§ Exercise instructions:
Starting at the line that holds "Old coaches near Builth Wells" and stopping at the line that holds "Neogastropoda", restate the records below word for word, with both of those lines included.

Short descriptive text snippets

---*---

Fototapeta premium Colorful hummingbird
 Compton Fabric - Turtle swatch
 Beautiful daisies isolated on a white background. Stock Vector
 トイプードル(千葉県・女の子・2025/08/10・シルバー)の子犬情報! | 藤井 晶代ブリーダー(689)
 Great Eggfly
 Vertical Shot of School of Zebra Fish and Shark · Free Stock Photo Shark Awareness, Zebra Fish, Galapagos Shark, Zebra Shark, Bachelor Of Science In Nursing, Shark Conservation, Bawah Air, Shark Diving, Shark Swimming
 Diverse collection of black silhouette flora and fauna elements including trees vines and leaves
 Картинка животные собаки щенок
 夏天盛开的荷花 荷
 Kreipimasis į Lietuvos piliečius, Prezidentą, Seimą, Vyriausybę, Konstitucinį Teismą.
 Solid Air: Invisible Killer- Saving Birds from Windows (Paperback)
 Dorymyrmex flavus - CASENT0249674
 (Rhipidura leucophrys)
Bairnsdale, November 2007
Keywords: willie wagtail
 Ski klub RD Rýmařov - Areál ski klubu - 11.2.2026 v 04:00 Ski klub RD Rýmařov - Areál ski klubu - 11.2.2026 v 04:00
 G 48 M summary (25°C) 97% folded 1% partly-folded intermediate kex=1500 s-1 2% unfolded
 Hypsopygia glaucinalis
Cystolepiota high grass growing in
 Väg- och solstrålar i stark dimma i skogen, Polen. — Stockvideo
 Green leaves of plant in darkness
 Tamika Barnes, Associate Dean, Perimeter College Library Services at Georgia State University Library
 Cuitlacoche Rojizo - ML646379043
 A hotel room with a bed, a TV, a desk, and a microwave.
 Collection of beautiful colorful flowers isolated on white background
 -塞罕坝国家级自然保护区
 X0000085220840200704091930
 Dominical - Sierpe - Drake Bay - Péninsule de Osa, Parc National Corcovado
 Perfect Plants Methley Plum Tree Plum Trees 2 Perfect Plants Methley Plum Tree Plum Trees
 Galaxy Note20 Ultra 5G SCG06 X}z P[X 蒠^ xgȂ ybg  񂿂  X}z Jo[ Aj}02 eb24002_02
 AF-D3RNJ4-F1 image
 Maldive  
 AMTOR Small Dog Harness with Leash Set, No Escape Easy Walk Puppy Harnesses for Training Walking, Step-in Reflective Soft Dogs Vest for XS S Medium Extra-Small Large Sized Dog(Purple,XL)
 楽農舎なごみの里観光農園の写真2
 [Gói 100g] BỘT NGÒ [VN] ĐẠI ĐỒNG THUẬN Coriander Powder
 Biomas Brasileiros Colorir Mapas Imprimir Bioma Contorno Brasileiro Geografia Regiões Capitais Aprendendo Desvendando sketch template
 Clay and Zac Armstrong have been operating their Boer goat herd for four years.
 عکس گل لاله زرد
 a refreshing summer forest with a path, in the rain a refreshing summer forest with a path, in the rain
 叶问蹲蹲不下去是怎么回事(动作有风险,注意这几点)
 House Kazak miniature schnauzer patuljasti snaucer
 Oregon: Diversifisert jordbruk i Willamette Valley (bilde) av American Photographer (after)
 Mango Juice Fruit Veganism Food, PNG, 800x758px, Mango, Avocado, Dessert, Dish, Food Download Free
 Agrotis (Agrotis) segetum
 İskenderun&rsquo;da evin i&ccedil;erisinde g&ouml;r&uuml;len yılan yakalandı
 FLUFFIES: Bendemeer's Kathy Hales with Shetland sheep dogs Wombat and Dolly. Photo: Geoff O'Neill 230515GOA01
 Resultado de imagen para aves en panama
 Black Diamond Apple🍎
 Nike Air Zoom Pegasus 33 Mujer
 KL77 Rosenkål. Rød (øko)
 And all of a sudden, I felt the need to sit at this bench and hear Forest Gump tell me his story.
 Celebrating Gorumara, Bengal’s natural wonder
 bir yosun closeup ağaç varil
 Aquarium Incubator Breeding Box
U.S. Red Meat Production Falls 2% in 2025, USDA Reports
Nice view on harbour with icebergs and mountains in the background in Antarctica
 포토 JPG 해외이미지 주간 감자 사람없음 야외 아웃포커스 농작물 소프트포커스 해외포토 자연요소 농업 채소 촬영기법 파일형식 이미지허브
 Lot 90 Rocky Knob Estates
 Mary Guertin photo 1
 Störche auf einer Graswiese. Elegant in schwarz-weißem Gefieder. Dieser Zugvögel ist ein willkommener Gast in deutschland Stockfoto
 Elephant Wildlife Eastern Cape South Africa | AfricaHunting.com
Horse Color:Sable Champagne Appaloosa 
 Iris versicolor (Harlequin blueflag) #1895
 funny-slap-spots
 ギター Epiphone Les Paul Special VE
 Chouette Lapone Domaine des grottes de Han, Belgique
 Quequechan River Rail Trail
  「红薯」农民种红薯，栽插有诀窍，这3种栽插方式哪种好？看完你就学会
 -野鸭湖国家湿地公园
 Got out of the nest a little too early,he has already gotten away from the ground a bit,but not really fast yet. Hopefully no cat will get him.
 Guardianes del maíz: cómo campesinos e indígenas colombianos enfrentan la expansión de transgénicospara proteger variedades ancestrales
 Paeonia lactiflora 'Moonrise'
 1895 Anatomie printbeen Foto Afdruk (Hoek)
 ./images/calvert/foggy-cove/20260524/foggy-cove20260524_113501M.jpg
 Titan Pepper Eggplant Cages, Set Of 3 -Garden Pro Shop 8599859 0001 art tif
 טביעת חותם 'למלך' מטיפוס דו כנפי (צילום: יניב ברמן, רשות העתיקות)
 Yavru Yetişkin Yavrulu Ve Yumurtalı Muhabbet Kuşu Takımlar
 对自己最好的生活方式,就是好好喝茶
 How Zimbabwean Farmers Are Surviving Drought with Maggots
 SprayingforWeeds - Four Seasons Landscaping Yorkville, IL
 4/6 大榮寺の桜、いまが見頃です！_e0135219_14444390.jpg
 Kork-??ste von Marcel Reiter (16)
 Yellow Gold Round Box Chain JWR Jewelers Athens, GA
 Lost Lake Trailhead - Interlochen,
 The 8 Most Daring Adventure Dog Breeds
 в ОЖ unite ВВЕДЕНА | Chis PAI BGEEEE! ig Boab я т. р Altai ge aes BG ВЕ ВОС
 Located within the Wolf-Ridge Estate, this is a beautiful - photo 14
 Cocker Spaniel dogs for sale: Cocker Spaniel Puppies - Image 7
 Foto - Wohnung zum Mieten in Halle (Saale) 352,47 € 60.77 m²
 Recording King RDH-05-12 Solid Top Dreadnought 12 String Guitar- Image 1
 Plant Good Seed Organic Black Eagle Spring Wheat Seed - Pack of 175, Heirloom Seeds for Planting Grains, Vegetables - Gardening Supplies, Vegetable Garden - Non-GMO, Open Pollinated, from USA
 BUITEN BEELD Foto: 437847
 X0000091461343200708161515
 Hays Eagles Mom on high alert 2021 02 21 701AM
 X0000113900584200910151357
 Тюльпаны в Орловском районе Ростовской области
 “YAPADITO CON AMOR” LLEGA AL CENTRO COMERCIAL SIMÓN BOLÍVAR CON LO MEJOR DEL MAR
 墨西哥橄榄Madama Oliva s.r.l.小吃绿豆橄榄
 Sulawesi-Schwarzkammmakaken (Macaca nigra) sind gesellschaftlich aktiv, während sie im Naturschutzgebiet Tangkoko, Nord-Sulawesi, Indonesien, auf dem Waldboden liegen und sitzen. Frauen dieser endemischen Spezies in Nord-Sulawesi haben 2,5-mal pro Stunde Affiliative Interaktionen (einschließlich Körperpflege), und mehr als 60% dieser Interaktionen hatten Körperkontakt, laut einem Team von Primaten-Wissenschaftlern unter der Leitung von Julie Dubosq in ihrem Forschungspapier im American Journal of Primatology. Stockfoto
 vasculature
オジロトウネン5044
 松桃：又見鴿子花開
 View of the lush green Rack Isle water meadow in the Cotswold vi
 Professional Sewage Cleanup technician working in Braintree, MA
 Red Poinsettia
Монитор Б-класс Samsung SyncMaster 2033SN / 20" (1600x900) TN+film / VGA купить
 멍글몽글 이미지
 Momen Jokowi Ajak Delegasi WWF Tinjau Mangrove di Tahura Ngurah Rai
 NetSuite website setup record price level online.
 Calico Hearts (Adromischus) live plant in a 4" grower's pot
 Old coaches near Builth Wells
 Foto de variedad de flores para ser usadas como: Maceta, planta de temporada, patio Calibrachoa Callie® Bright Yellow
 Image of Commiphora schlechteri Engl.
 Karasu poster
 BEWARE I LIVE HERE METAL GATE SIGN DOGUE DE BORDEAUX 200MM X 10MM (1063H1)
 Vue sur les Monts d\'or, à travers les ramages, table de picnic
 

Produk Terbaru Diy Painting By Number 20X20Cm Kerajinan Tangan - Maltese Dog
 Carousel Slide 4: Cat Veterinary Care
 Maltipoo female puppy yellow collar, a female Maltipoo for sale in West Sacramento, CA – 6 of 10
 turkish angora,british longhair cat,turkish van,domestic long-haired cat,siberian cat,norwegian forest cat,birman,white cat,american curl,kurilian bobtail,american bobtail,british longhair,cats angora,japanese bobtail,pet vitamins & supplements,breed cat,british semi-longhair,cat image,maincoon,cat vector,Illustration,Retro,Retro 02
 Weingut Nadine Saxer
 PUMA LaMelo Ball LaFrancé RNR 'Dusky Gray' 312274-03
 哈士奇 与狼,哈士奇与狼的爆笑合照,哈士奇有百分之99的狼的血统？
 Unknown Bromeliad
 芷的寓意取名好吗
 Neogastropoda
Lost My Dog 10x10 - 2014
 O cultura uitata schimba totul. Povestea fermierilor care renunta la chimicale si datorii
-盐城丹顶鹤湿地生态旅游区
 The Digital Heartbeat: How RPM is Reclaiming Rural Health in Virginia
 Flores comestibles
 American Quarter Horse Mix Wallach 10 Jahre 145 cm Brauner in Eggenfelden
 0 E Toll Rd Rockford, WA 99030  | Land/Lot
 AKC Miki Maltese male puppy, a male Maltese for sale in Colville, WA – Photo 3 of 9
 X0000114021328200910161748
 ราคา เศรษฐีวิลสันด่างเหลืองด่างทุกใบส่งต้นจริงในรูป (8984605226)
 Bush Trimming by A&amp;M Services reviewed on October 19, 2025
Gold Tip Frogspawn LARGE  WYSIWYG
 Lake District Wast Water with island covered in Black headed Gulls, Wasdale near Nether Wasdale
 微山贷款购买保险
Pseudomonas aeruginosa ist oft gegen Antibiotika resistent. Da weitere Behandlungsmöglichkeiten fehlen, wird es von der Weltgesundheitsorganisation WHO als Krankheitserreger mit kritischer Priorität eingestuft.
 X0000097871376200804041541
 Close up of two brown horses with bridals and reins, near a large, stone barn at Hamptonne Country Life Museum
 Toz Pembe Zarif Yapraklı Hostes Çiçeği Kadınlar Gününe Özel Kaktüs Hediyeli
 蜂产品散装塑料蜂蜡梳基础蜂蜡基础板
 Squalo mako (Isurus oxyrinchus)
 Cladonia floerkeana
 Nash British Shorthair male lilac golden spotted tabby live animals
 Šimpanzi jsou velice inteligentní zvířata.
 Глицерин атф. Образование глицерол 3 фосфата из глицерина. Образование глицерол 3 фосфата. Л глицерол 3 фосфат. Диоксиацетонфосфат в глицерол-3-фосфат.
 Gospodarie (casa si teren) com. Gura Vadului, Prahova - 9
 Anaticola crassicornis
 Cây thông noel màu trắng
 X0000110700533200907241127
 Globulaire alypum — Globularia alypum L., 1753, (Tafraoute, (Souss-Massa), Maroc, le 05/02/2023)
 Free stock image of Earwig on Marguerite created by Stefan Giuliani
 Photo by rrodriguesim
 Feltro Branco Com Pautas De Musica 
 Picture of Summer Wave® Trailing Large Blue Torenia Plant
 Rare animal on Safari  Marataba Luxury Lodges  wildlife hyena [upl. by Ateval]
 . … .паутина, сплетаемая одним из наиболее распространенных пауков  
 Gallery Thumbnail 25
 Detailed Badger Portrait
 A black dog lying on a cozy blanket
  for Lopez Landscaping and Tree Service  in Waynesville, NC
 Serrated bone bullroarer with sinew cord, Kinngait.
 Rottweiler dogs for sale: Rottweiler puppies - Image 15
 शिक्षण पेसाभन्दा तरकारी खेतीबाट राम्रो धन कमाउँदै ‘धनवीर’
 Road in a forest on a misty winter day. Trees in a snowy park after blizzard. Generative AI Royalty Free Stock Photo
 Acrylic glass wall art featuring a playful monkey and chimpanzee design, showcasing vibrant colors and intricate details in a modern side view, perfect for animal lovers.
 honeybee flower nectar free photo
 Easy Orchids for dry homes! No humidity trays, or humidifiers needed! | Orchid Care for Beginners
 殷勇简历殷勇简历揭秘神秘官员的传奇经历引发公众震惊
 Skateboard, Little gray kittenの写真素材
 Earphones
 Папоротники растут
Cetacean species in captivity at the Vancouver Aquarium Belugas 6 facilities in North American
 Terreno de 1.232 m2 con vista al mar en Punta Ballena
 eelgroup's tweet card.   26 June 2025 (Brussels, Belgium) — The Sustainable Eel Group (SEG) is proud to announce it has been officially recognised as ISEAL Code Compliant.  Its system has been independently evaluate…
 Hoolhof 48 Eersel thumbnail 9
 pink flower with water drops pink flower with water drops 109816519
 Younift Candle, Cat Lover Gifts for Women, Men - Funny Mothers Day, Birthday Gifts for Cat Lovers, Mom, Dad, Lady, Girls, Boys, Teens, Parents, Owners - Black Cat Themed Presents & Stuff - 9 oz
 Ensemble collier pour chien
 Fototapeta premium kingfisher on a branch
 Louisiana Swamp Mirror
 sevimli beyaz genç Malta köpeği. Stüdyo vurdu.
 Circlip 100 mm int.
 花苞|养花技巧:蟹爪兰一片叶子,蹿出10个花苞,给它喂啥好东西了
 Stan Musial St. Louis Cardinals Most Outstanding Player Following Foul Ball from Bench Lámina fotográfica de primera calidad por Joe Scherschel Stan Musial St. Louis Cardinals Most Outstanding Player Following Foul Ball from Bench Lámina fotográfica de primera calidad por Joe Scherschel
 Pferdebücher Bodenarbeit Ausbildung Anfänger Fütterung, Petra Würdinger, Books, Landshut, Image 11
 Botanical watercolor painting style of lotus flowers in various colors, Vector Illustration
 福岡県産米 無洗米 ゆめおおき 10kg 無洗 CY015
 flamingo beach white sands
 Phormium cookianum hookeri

---*---

§ Solution to this task:
 Old coaches near Builth Wells
 Foto de variedad de flores para ser usadas como: Maceta, planta de temporada, patio Calibrachoa Callie® Bright Yellow
 Image of Commiphora schlechteri Engl.
 Karasu poster
 BEWARE I LIVE HERE METAL GATE SIGN DOGUE DE BORDEAUX 200MM X 10MM (1063H1)
 Vue sur les Monts d\'or, à travers les ramages, table de picnic
 

Produk Terbaru Diy Painting By Number 20X20Cm Kerajinan Tangan - Maltese Dog
 Carousel Slide 4: Cat Veterinary Care
 Maltipoo female puppy yellow collar, a female Maltipoo for sale in West Sacramento, CA – 6 of 10
 turkish angora,british longhair cat,turkish van,domestic long-haired cat,siberian cat,norwegian forest cat,birman,white cat,american curl,kurilian bobtail,american bobtail,british longhair,cats angora,japanese bobtail,pet vitamins & supplements,breed cat,british semi-longhair,cat image,maincoon,cat vector,Illustration,Retro,Retro 02
 Weingut Nadine Saxer
 PUMA LaMelo Ball LaFrancé RNR 'Dusky Gray' 312274-03
 哈士奇 与狼,哈士奇与狼的爆笑合照,哈士奇有百分之99的狼的血统？
 Unknown Bromeliad
 芷的寓意取名好吗
 Neogastropoda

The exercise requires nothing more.